Expected local layout:

assets/benchmarks/LIBERO/
assets/datasets/libero_goal_agentview.h5
checkpoints/libero/lewm_epoch_40_object.ckpt

Train the OFT-style action head:

python libero/train_libero_goal_lewm_oft_head.py \
  --libero-root assets/benchmarks/LIBERO \
  --init-policy checkpoints/libero/lewm_epoch_40_object.ckpt \
  --tasks all \
  --image-keys agentview_rgb,eye_in_hand_rgb \
  --chunk-len 8 \
  --action-horizon 8 \
  --hidden-dim 1024 \
  --batch-size 32 \
  --max-epochs 30 \
  --train-encoder \
  --run-dir runs/libero_goal_rcaux_oft

Evaluate:

TORCH_FORCE_NO_WEIGHTS_ONLY_LOAD=1 \
python libero/eval_libero_goal_lewm_oft_head.py \
  --checkpoint runs/libero_goal_rcaux_oft/lewm_libero_oft_head_epoch_30.ckpt \
  --tasks all \
  --n-eval 50 \
  --max-steps 600 \
  --output results/libero_goal_rcaux_oft_n50.json

On systems where robosuite cannot create an EGL offscreen context, run the same command with MUJOCO_GL=glx.

Main Reported Results

The CSV summaries in results/ mirror the reported tables. Local LeWM-family rows are mean±std over five fixed evaluation groups of 50 episodes.

TaskLeWMLeWM-contRC-auxMatched delta
TwoRoom88.8±3.088.8±3.098.0±1.4+9.2
Reacher81.2±7.982.8±7.287.2±6.4+4.4
Push-T90.4±3.091.2±3.990.8±3.3-0.4
Wall50.4±6.5--83.6±3.6+33.2
Cube72.4±5.972.8±5.276.0±7.5+3.2

For TwoRoom, Reacher, Push-T, and Cube, matched deltas compare against LeWM-cont.

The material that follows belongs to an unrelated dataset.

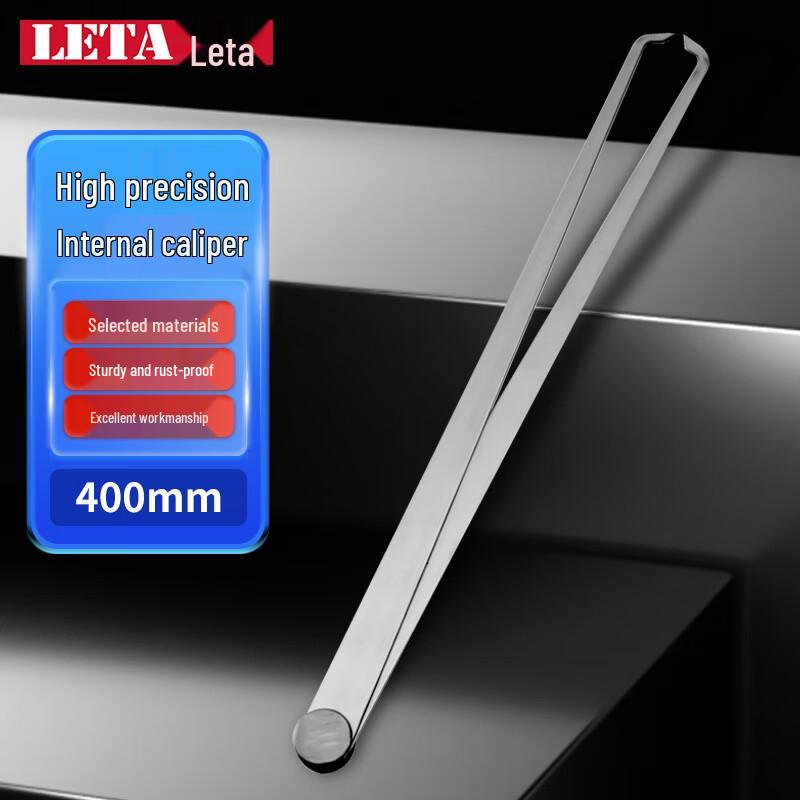 LETA 400mm High-Precision Arc Inside & Outside Caliper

For Wall, no continuation control is available, so the matched delta compares against local LeWM.

Citation

@article{li2026predictive,
  title={Predictive but Not Plannable: RC-aux for Latent World Models},
  author={Li, Wenyuan and Li, Guang and Maeda, Keisuke and Ogawa, Takahiro and Haseyama, Miki},
  journal={arXiv preprint arXiv:2605.07278},
  year={2026}
}

This project builds on LeWorldModel, stable-worldmodel, stable-pretraining, DINO-WM, and LIBERO. Please cite the corresponding original work when using those components.